On November 8, 2007, Deputy David Cain executed an affidavit for a search warrant for Copley's residence. Deputy Cain swore the affidavit before Anita C. Hardy, a notary public and employee of the Commonwealth Attorney's office. There being no available circuit court judge, district court judge or trial commissioner, Circuit Court Clerk Tony D. Kerr reviewed the affidavit, found probable cause and issued the search warrant.1 Police officers executed the warrant the same day and seized several pieces of evidence from Copley's residence, including shell casings and swabs of blood.
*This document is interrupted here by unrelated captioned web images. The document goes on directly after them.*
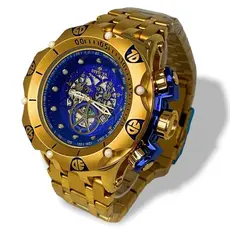 Relógio Dourado Esqueleto Pesado Hybrid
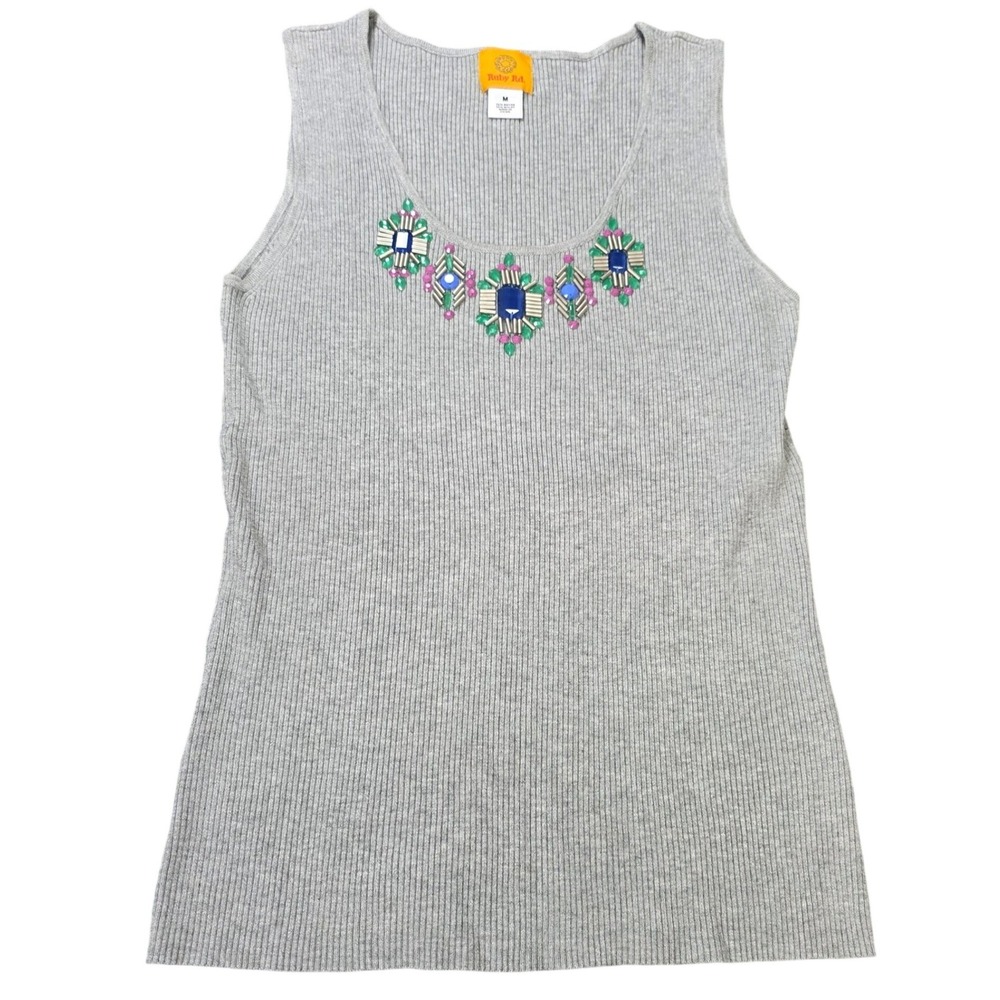 Ruby Rd Ribbed Embellished Beaded Tank Top Women's Size M Gray Scoop Neck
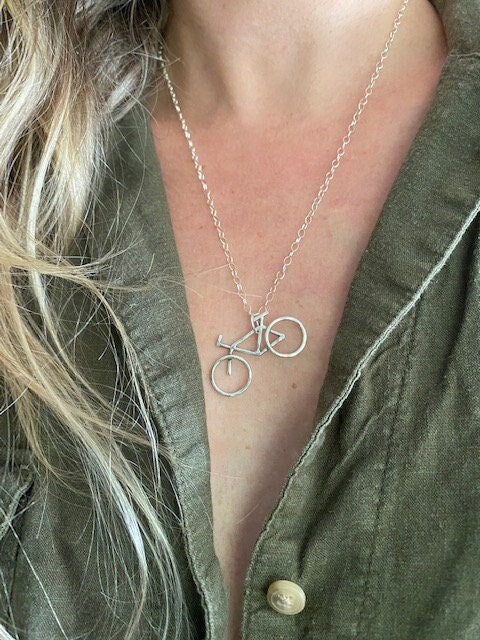 Sterling Bicycle Necklace - Silver Bike Pendant - Bicyclist Gift - Mountain Bike Necklace - Beach Cruiser Necklace - Traveler Necklace
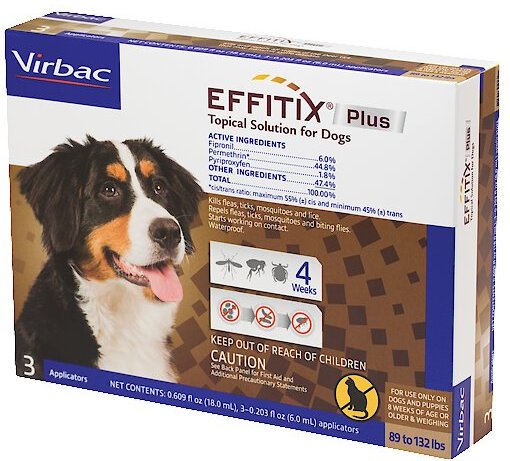Virbac EFFITIX Flea & Tick Spot Treatment for Dogs, 89-132 lbs, 3 Doses (3-mos. supply) slide 1 of 5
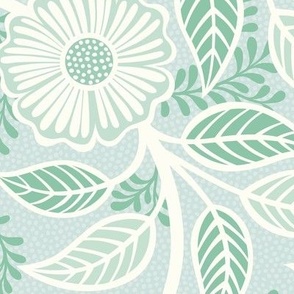 44 Soft Spring- Victorian Floral- Off White on Sea Glass Green- Climbing Vine with Flowers- Petal Signature Solids- Mint Green- Pastel Green- Natural- William Morris Wallpaper- Large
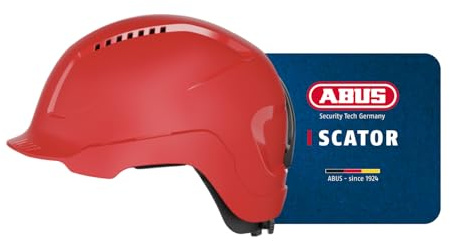 ABUS Bauhelm Scator - belüfteter Schutzhelm für Baustellen und Industrie - nach EN 397 - robust, schlagfest und stoßabsorbierend - Größe über Drehrad anpassbar - rot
On April 9, 2008, Copley filed a motion to suppress any evidence seized during the search, arguing the warrant was invalid because the affidavit was not properly sworn pursuant to RCr 13.10 and RCr 2 .02. On August 11, 2008, the parties entered a Notice of Stipulated Fact jointly stipulating that, at the time the affidavit was sworn, Anita C. Hardy was a notary public but was not authorized by a written judicial order to administer oaths to complaining parties pursuant to RCr 2.02. On September 10, 2008, the trial court denied Copley's motion on the grounds that, while the affidavit was not properly sworn pursuant to RCr 2.02, the violation was technical in nature, the officers acted in good faith and Copley suffered no prejudice by the violation. On November 16, 2010, Copley pled guilty to murder and received twenty years in prison. Copley appeals to this Court as a matter of right, Ky. Const. § 110(2)(b), maintaining the search warrant was invalid and arguing the trial court erred by denying his motion to suppress.2
The trial court properly denied Copley's motion to suppress. When reviewing a trial court's denial of a motion to suppress this Court first determines whether the trial court's findings of fact are supported by substantial evidence, RCr 9.78, and then conducts a de novo review of the trial court's application of law to the facts. Meece v. Commonwealth, 348 S.W.3d 627, 646 (Ky.2011). The parties here do not contest the trial court's findings of fact and upon a review of the record we conclude the findings of fact are supported by substantial evidence. We thus proceed to determine whether the trial court's ruling was correct as a matter of law.
I. Violation of Rules of Criminal Procedure 2.02 and 13.10.
A search warrant may issue in Kentucky upon an affidavit that is sufficient under Section 10 of the Kentucky Constitution3 and sworn to before an officer or person who (1) is legally empowered to administer oaths and (2) is authorized to administer such oaths to a complaining party by written order of a judge for the county having venue of the offense charged. RCr 13.10 and RCr 2.02. Thus, it is not sufficient for the person administering the oath for an affidavit for a search warrant to be simply a notary public; he or she must also possess a written order from the appropriate judge authorizing him or her to administer such oaths. RCr 2.02. The parties stipulated that Ms. Hardy, the notary public who administered the oath for the affidavit in this case, was not authorized to do so by a written order of a Russell County judge. Rules 2.02 and 13.10 were not properly complied with and the search warrant was technically deficient. This, however, does not end our inquiry.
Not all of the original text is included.